**LISTED RECORDS:**
*****

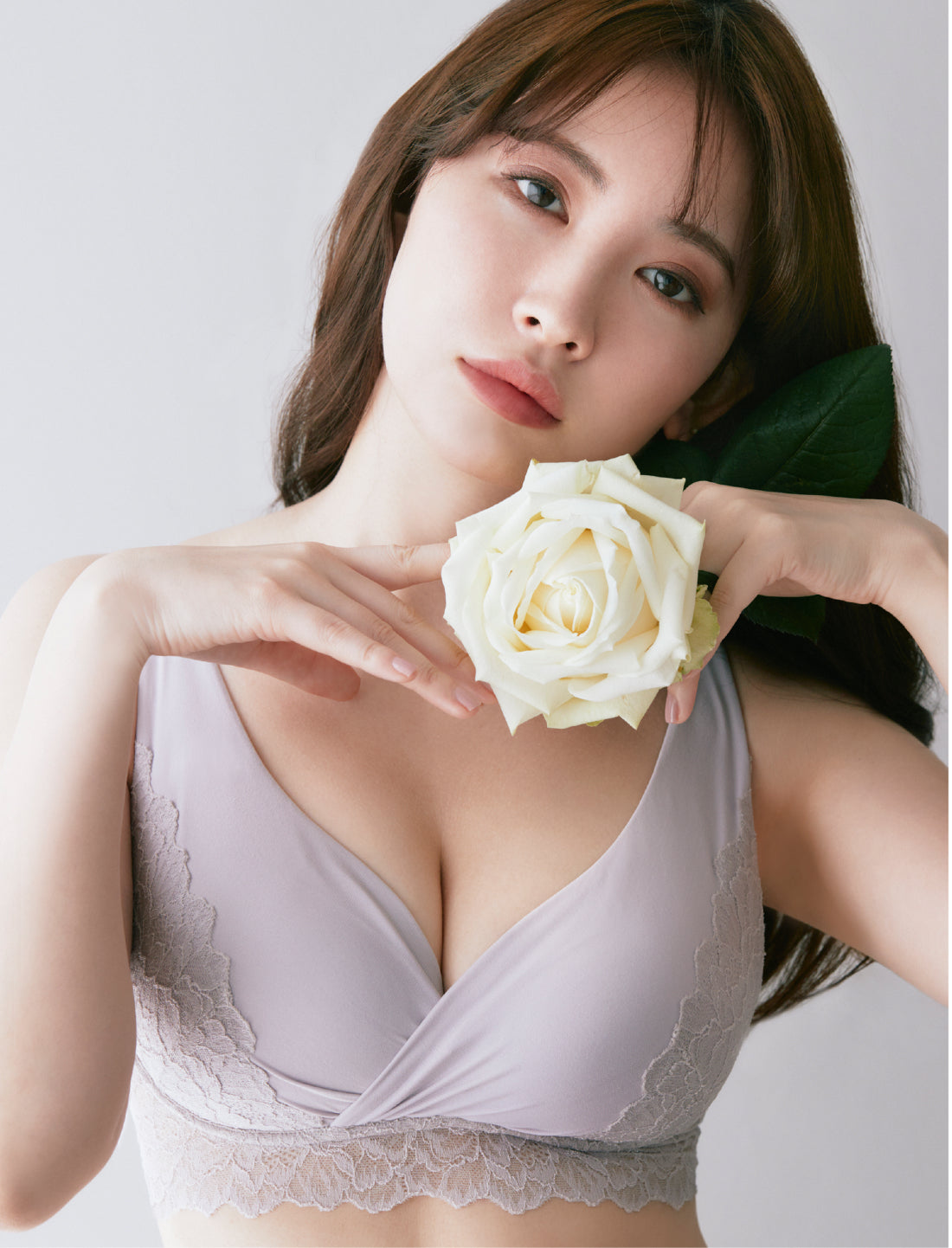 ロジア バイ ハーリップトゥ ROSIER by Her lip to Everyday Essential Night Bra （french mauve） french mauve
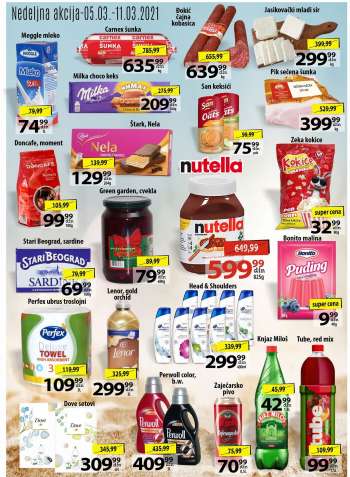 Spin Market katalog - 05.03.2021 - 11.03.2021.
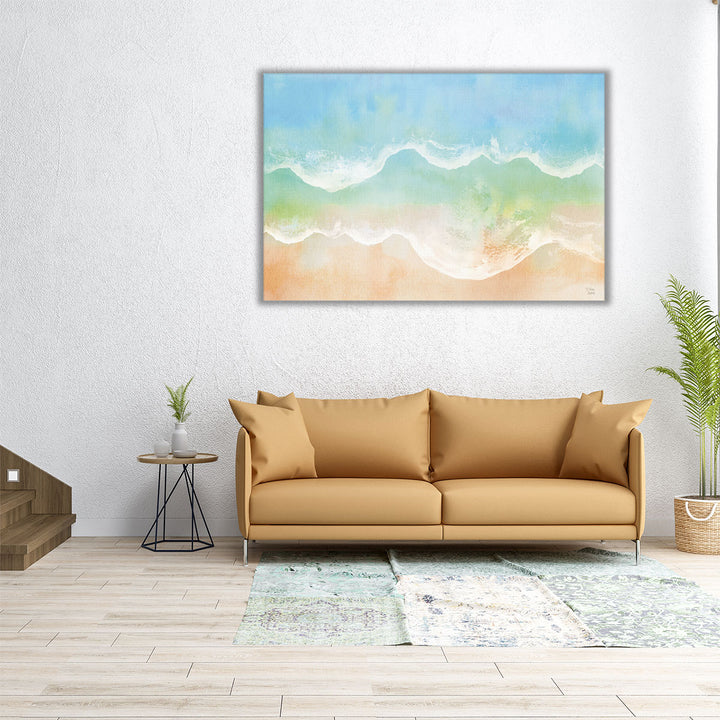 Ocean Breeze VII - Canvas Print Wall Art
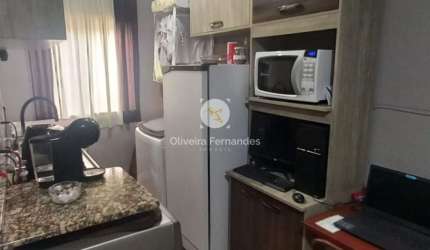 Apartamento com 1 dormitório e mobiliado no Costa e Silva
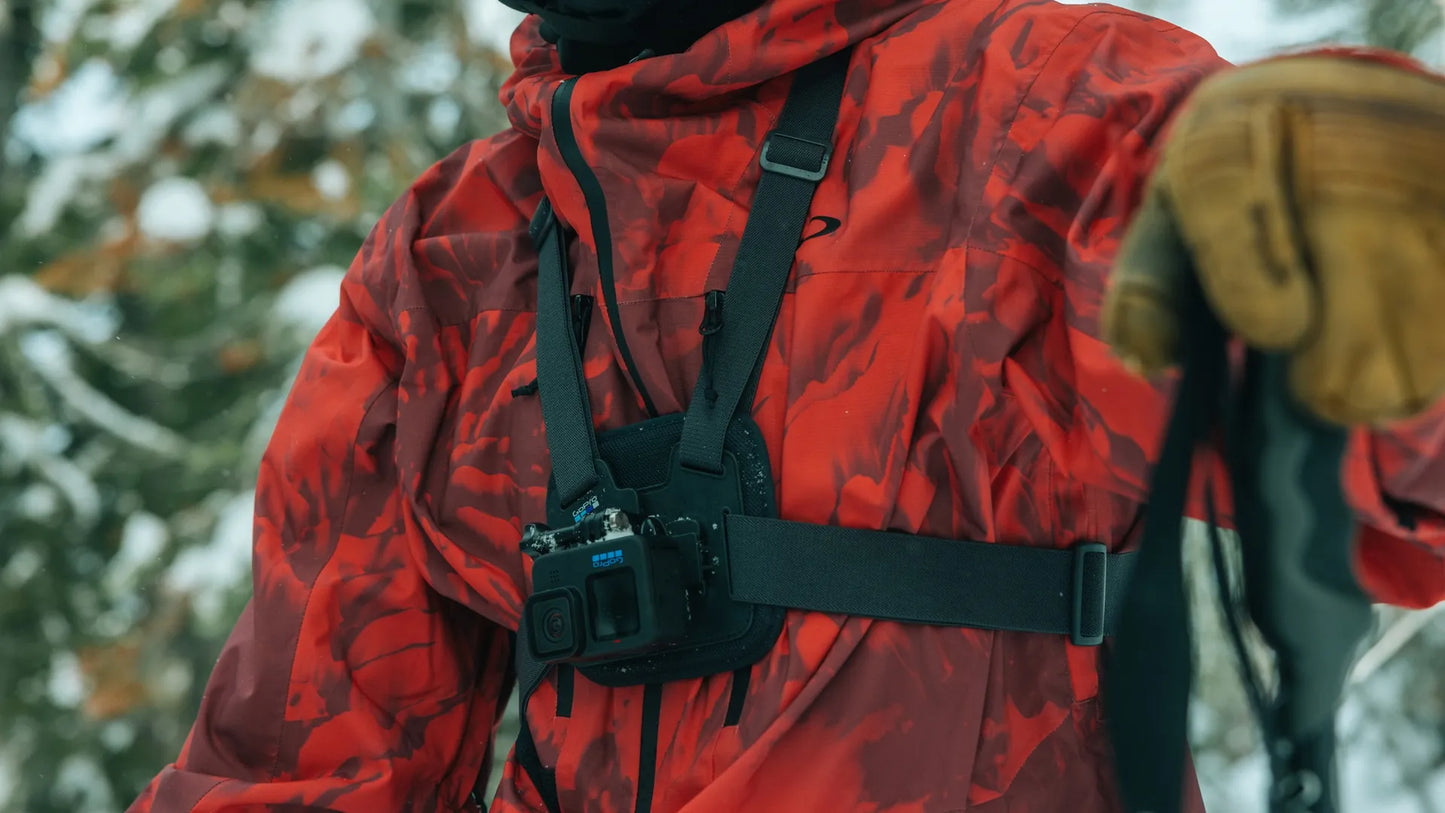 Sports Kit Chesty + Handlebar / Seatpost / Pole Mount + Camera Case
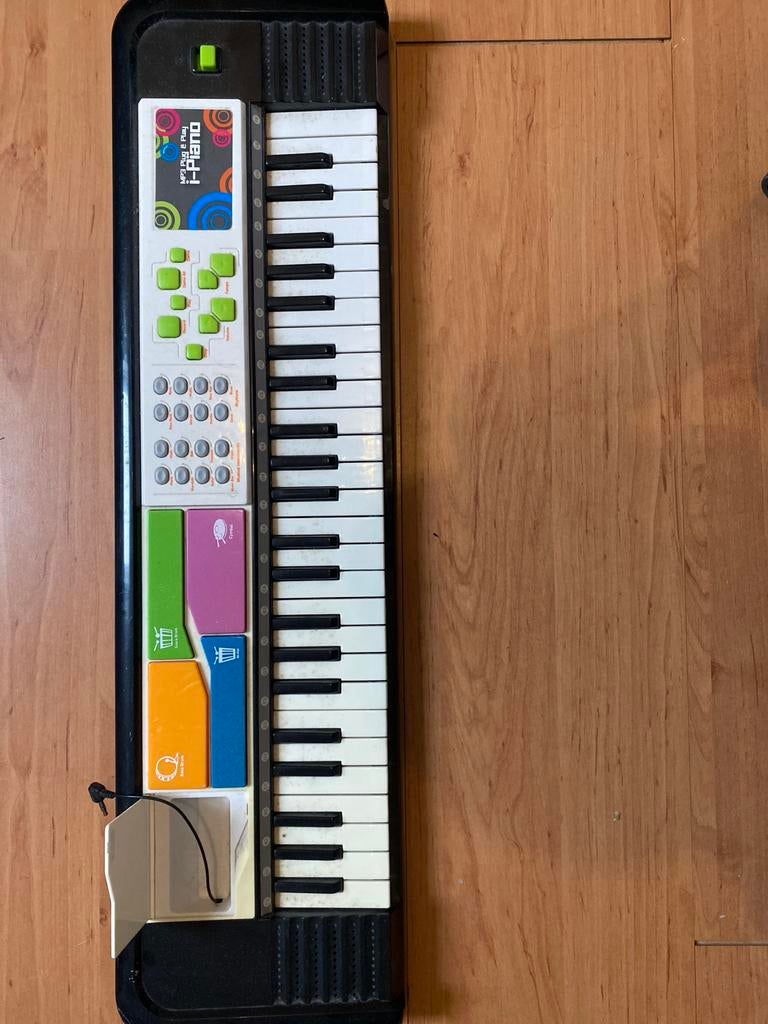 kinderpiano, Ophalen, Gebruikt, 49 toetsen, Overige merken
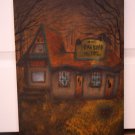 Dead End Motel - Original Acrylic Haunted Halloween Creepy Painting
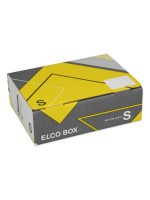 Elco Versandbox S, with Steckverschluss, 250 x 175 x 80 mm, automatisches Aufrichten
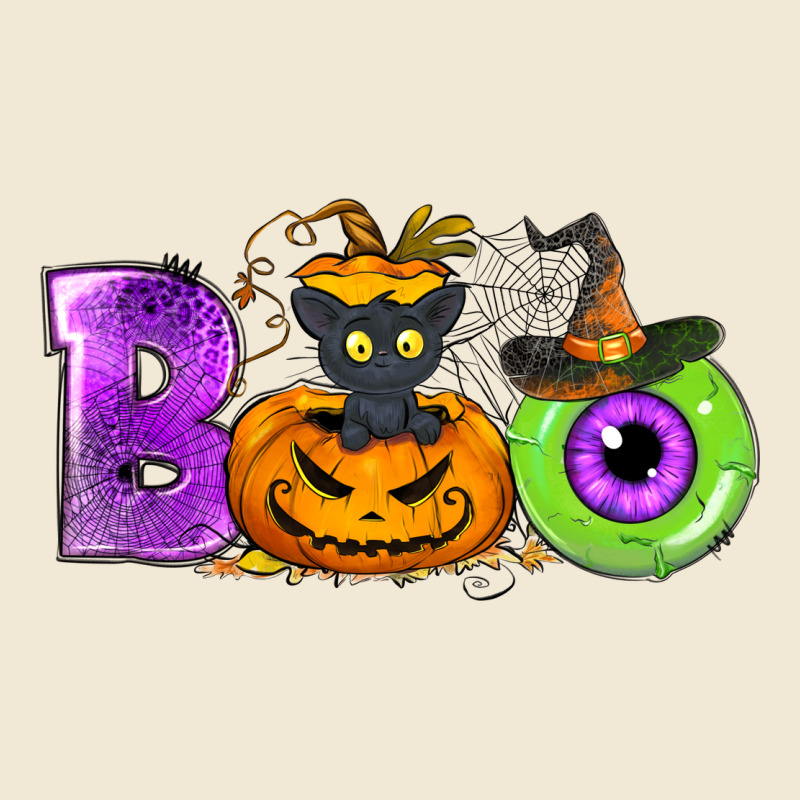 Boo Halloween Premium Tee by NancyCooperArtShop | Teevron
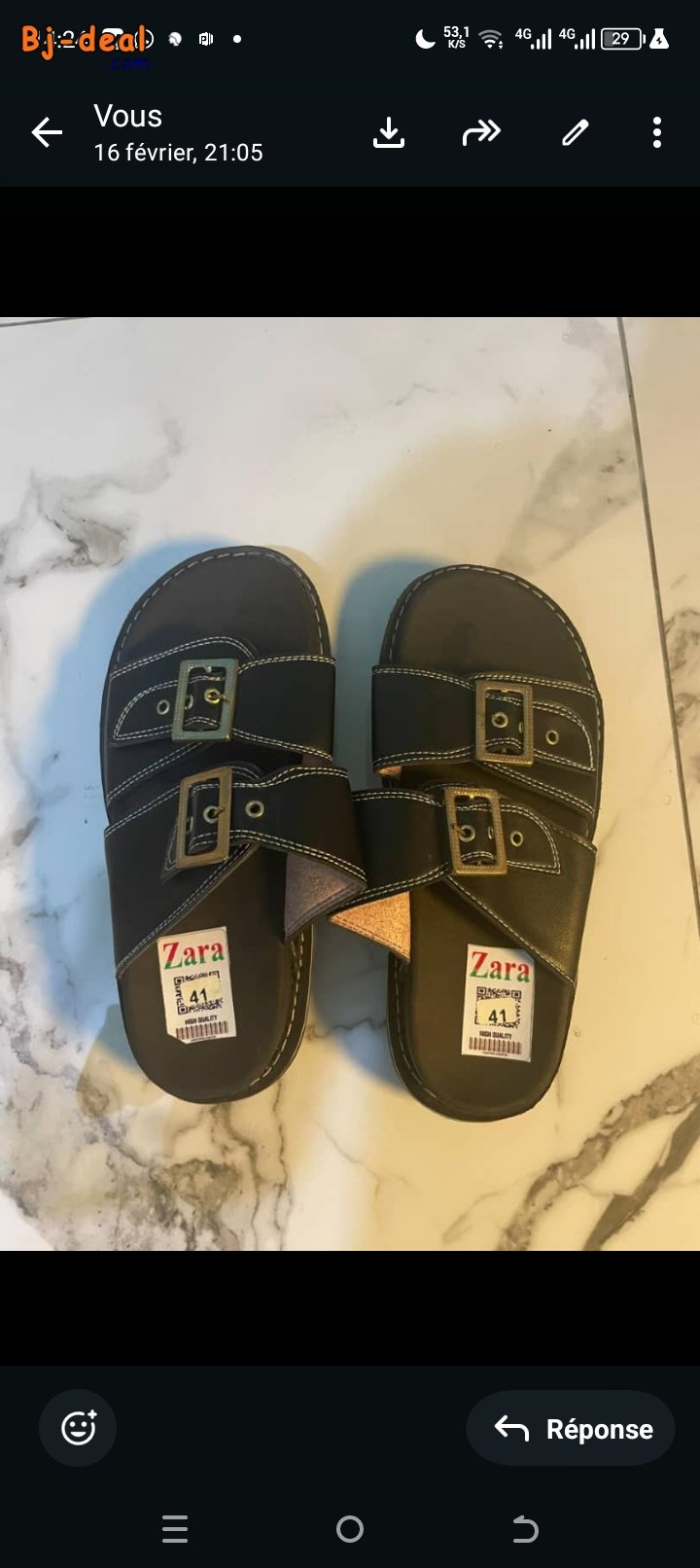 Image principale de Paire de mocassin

*****

**ABOUT THIS TASK:** Starting with the opening line of the listing, write out each line exactly until the line that contains "Dead End Motel" has been included; skip the pictures.

**ANSWER:**
 ロジア バイ ハーリップトゥ ROSIER by Her lip to Everyday Essential Night Bra （french mauve） french mauve
 Spin Market katalog - 05.03.2021 - 11.03.2021.
 Ocean Breeze VII - Canvas Print Wall Art
 Apartamento com 1 dormitório e mobiliado no Costa e Silva
 Sports Kit Chesty + Handlebar / Seatpost / Pole Mount + Camera Case
 kinderpiano, Ophalen, Gebruikt, 49 toetsen, Overige merken
 Dead End Motel - Original Acrylic Haunted Halloween Creepy Painting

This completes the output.